First, start by logging into your remote account and create a general directory structure. Shouldn't take long:

me@remote(~)$ mkdir ~/git

That wasn't hard. All the repositories we will create will live under that directory. Now let's cd inside and start our first repo:

me@remote(~)$ cd git
me@remote(~/git)$ git init --bare example.git
Initialized empty Git repository in /home/me/git/example.git/

We're almost there. Now let's just clone it on our local machine:

me@local(~)$ git clone me@remote:git/example.git

And that's it. We will receive a warning because we are cloning an empty repository.
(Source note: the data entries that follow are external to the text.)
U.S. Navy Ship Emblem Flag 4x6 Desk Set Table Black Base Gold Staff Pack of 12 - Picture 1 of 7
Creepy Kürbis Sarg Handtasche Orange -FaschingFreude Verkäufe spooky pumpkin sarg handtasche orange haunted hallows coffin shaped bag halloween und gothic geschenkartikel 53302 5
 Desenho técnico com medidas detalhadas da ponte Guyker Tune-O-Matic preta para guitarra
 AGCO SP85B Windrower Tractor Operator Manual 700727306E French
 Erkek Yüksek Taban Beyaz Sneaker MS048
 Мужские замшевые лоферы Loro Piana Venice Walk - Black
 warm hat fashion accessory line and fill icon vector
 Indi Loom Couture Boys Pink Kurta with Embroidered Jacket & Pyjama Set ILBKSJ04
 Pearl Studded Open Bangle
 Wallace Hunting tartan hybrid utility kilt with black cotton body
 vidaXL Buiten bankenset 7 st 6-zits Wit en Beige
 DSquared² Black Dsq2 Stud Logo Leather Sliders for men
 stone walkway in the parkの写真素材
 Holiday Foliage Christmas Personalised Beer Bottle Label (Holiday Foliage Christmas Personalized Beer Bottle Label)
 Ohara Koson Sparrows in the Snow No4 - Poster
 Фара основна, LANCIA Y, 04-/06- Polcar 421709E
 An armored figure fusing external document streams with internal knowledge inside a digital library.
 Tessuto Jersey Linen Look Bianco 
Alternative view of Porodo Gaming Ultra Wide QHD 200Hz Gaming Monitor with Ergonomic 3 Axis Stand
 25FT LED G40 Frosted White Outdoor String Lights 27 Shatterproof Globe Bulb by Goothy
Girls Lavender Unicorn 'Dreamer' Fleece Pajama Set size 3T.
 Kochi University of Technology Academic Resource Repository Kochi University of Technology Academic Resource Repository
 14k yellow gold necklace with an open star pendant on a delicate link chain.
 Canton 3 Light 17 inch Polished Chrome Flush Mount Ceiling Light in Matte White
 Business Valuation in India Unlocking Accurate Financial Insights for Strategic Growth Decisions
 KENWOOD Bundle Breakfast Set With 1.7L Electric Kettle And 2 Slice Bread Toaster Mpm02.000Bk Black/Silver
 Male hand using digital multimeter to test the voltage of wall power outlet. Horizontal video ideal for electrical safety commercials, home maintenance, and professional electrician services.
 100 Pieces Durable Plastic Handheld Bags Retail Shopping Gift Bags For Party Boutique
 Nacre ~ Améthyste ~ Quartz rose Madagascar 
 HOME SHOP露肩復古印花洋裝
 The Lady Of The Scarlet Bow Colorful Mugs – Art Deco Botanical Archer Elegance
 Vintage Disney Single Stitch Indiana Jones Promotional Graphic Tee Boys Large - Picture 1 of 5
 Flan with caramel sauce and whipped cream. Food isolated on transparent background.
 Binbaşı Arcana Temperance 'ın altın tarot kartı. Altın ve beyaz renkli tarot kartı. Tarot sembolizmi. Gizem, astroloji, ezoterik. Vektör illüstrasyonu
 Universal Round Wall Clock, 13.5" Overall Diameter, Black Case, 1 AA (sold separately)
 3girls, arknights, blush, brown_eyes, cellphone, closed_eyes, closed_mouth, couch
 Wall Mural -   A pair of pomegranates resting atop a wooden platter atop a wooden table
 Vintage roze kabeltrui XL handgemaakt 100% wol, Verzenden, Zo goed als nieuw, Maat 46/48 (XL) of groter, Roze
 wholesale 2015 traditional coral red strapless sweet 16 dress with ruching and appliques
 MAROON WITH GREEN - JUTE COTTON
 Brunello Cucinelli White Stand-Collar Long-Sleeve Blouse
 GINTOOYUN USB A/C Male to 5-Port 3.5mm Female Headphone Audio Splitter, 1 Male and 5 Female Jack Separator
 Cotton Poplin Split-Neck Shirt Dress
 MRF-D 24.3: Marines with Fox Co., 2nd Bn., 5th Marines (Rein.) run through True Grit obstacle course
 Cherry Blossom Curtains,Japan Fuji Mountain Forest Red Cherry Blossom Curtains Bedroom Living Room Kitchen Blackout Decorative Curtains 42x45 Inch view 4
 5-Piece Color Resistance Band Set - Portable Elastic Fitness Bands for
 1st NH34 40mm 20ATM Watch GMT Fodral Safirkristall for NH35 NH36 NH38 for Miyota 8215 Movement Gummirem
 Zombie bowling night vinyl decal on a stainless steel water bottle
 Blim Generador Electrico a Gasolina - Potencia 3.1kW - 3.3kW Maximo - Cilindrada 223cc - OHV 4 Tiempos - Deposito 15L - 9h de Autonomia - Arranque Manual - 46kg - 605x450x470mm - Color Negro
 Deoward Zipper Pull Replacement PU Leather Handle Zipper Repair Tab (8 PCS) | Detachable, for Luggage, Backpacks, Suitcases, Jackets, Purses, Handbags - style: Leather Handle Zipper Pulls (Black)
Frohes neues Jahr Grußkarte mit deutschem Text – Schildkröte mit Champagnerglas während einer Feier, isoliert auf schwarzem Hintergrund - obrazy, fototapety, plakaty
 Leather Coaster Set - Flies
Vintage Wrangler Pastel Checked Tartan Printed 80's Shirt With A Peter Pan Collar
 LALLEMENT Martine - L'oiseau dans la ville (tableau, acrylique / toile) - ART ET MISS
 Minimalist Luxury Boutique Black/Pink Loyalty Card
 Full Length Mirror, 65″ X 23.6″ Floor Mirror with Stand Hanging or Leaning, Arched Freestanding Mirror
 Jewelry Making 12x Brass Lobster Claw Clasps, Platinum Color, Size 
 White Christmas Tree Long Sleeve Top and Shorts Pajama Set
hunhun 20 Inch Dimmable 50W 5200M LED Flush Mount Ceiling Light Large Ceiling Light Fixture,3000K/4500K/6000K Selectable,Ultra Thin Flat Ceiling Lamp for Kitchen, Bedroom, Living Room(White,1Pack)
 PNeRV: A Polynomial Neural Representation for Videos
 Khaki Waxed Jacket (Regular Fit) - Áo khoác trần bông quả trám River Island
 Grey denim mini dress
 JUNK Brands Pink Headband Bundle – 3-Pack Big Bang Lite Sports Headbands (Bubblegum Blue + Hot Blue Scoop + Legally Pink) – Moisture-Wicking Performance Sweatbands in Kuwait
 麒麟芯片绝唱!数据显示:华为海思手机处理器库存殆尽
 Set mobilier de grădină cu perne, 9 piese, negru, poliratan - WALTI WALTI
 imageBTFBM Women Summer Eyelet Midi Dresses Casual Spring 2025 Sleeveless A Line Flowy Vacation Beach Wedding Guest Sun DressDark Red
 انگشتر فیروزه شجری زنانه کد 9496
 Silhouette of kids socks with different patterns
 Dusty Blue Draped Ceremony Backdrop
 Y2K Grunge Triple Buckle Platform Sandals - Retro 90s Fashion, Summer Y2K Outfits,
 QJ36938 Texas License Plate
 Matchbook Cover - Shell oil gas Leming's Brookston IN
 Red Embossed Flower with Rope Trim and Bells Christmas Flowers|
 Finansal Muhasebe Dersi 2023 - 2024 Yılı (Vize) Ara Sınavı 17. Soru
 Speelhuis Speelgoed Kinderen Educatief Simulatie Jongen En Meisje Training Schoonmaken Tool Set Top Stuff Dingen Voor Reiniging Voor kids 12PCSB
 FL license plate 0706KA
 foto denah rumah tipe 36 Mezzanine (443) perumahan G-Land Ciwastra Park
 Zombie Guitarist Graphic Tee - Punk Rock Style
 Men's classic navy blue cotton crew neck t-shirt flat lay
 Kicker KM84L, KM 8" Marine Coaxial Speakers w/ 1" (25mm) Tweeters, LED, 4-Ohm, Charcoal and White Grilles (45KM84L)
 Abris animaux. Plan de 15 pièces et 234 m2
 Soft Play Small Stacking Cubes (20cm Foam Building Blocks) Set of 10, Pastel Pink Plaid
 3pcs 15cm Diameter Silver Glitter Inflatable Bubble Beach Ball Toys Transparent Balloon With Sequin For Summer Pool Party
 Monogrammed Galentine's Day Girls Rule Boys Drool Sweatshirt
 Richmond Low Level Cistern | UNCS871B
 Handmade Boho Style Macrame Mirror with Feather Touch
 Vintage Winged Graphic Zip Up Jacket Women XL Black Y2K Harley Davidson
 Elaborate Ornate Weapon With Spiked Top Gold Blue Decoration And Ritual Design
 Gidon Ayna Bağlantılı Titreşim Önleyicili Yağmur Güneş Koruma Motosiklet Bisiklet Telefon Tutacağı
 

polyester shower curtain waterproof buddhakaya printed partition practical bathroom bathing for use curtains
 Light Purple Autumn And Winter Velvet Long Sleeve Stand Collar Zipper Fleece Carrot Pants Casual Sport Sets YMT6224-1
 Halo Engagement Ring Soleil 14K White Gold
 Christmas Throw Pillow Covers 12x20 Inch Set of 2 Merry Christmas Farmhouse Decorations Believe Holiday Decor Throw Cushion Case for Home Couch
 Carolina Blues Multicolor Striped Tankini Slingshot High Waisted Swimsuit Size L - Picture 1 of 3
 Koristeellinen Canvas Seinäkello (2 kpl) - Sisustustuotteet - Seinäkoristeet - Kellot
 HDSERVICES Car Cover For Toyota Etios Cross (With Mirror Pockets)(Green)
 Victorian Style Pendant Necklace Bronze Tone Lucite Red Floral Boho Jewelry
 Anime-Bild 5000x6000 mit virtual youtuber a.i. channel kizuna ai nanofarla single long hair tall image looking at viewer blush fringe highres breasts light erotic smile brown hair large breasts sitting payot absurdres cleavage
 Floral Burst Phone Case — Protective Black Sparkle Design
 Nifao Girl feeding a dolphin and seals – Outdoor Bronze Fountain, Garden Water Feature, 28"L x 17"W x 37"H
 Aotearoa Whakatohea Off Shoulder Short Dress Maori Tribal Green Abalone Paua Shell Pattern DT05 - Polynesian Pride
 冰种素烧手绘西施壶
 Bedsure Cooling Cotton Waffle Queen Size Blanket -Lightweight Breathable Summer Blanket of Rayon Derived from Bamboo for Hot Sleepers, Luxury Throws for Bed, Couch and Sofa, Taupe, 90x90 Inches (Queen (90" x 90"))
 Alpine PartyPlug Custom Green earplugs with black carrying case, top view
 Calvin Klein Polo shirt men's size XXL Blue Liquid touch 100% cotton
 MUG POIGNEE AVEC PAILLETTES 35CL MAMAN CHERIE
It doesn't matter, it works as expected:

me@local(~)$ cd example

me@local(~/example)$ vi readme.txt # whatever

me@local(~/example)$ git add readme.txt

me@local(~/example)$ git commit readme.txt -m "First commit!"
[master (root-commit) c2f2399] First commit!
 1 file changed, 1 insertion(+)
 create mode 100644 readme.txt

me@local(~/example)$ git push -u origin master
Counting objects: 3, done.
Writing objects: 100% (3/3), 236 bytes | 0 bytes/s, done.
Total 3 (delta 0), reused 0 (delta 0)
To me@remote:git/example.git
 * [new branch]      master -> master
Branch master set up to track remote branch master from origin.

And now we are done: we have our own private repository.


Update: if this is too simple and you would like some more complete solution, some people are recommending GitLab or gogs.io.